DATA Block Start

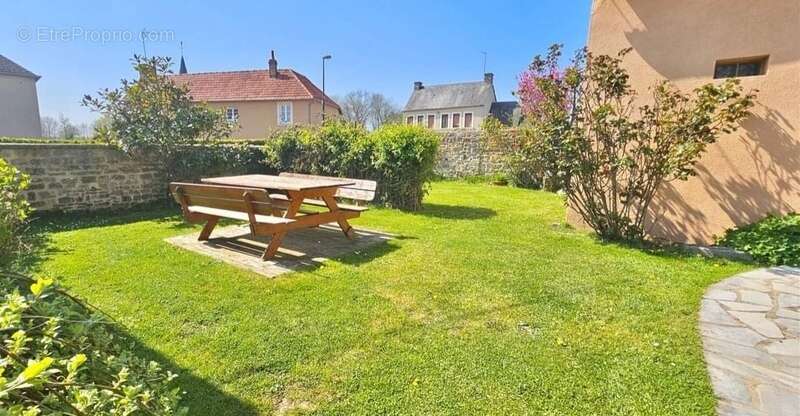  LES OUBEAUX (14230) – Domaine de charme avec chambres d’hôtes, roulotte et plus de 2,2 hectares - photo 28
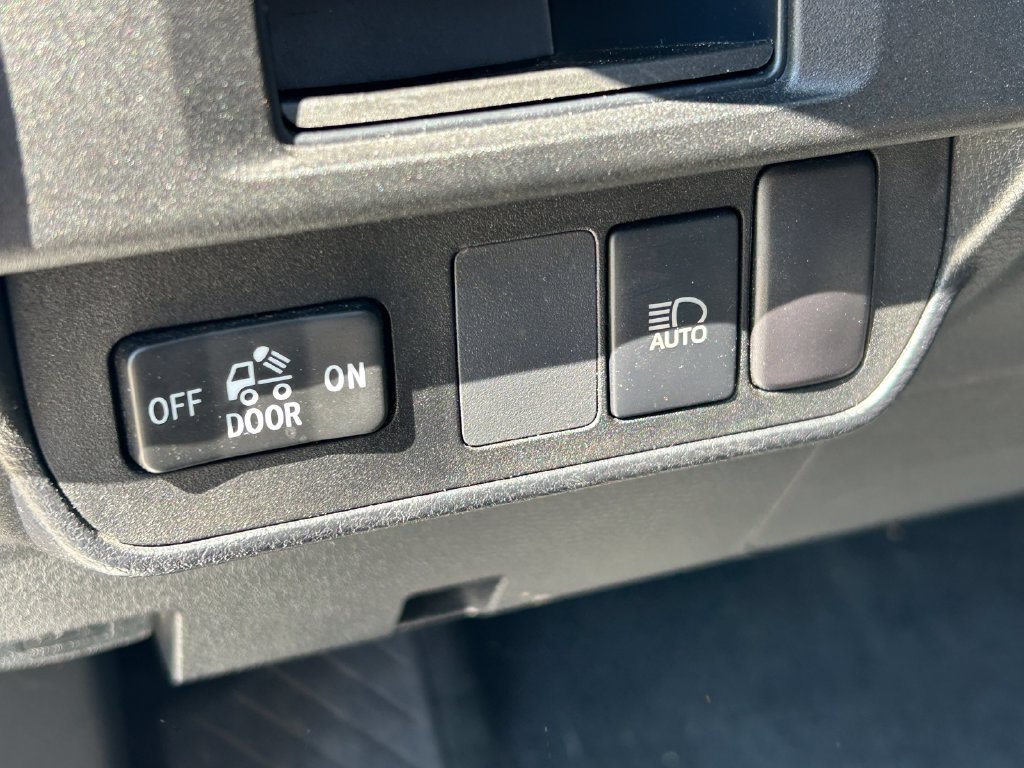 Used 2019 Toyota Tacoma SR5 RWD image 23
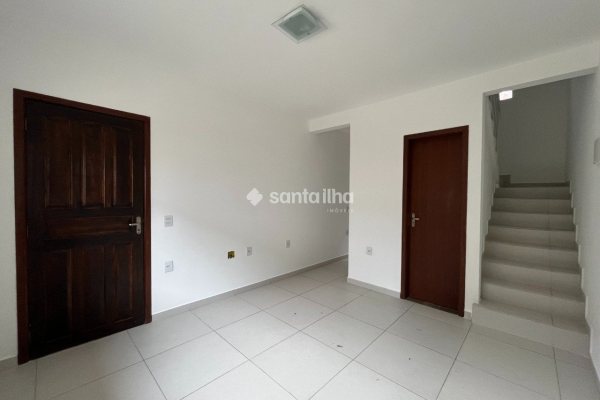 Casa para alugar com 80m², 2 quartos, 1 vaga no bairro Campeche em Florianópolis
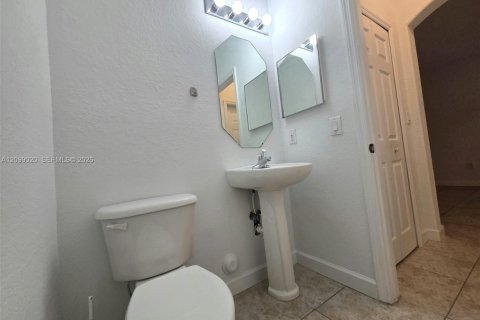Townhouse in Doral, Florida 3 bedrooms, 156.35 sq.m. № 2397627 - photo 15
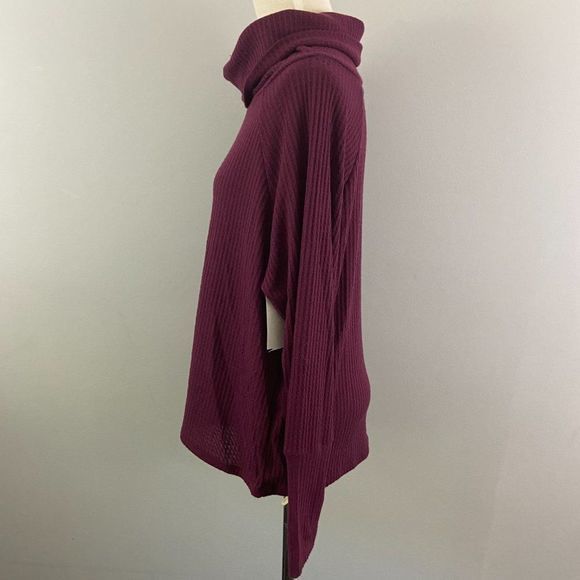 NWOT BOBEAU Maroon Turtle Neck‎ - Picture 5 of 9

DATA Block End
DATA Block Start

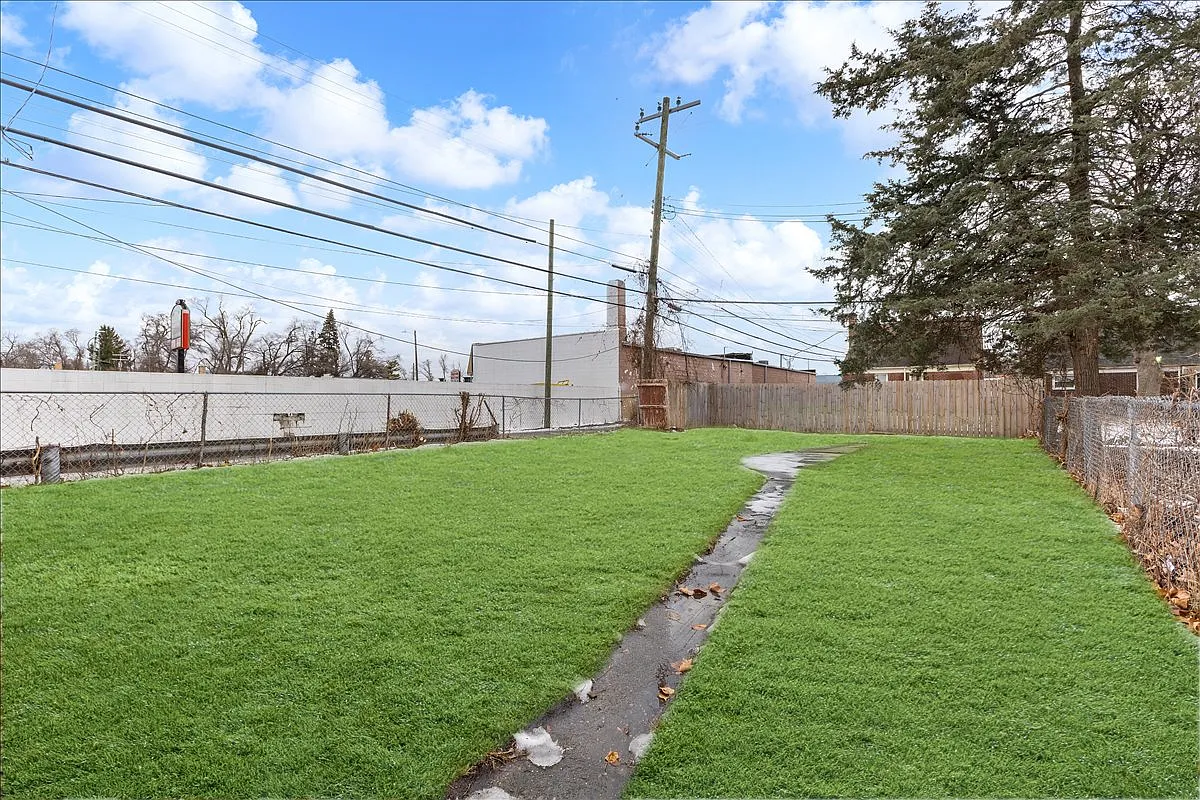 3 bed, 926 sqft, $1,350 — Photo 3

DATA Block End
DATA Block Start

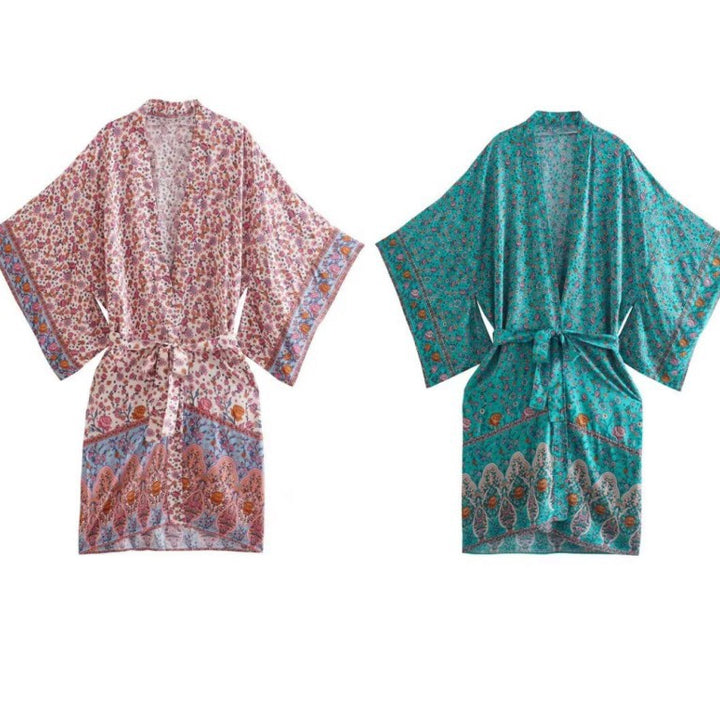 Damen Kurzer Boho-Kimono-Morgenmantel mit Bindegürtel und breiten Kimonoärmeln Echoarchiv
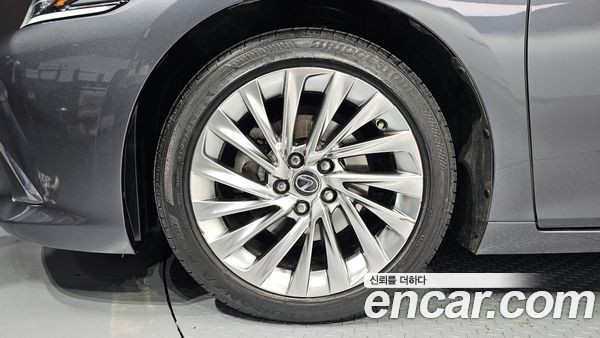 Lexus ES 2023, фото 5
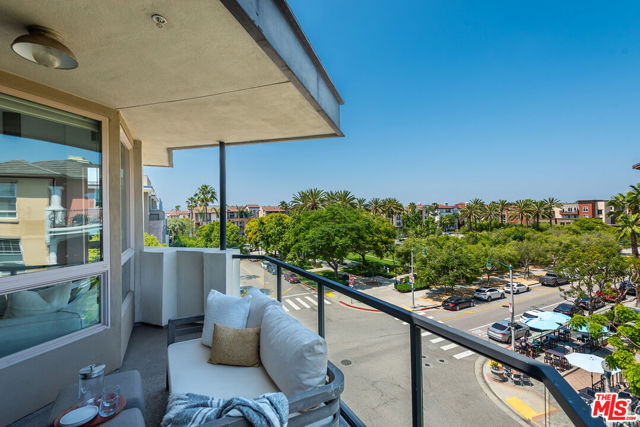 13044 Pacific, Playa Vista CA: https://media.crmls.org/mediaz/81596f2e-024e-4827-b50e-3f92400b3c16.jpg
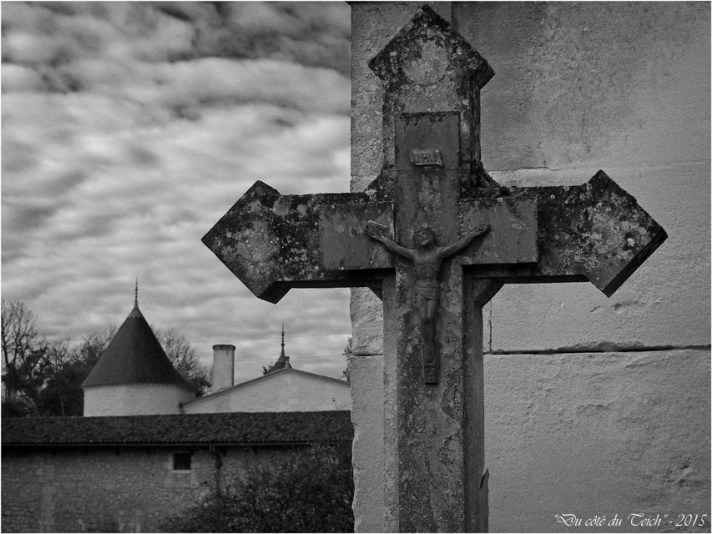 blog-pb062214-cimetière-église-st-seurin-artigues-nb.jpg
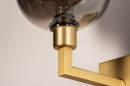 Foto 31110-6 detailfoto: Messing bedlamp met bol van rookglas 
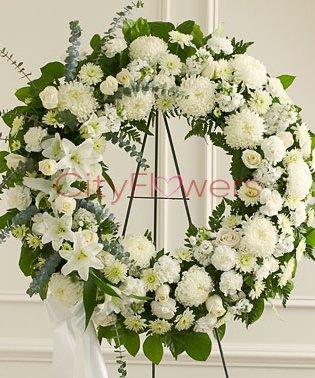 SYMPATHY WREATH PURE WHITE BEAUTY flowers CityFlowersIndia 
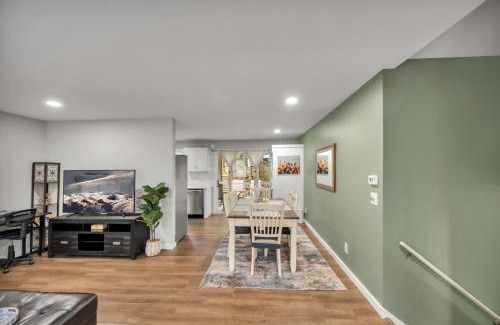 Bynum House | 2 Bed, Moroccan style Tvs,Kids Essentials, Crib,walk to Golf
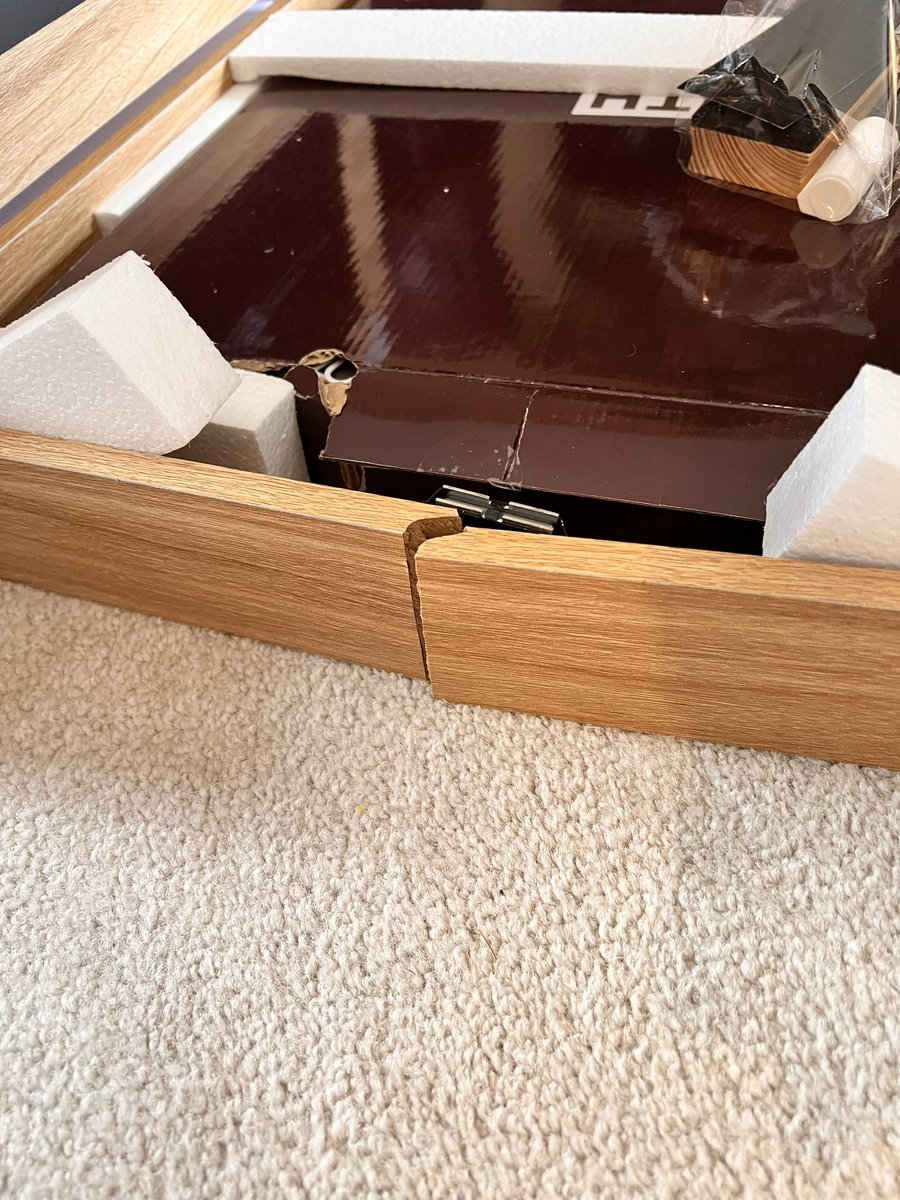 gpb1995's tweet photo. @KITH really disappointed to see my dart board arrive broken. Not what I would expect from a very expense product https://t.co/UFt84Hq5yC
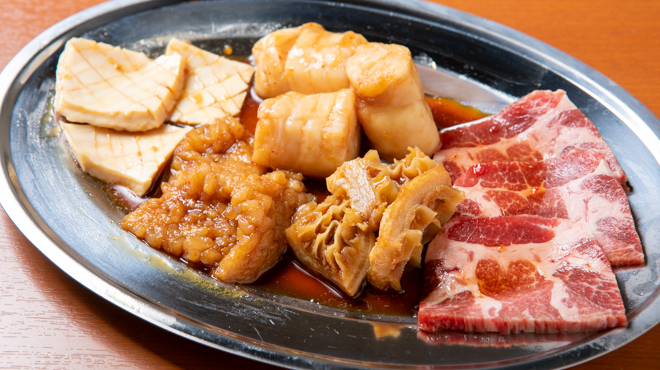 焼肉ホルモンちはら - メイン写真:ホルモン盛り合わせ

DATA Block End

### EXERCISE PROMPT
Above, find the line holding "LES OUBEAUX (14230)" and the line holding "NWOT BOBEAU Maroon". Print exactly those two lines and every line between them, but no pictures.

### EXERCISE RESPONSE
  LES OUBEAUX (14230) – Domaine de charme avec chambres d’hôtes, roulotte et plus de 2,2 hectares - photo 28
 Used 2019 Toyota Tacoma SR5 RWD image 23
 Casa para alugar com 80m², 2 quartos, 1 vaga no bairro Campeche em Florianópolis
Townhouse in Doral, Florida 3 bedrooms, 156.35 sq.m. № 2397627 - photo 15
 NWOT BOBEAU Maroon Turtle Neck‎ - Picture 5 of 9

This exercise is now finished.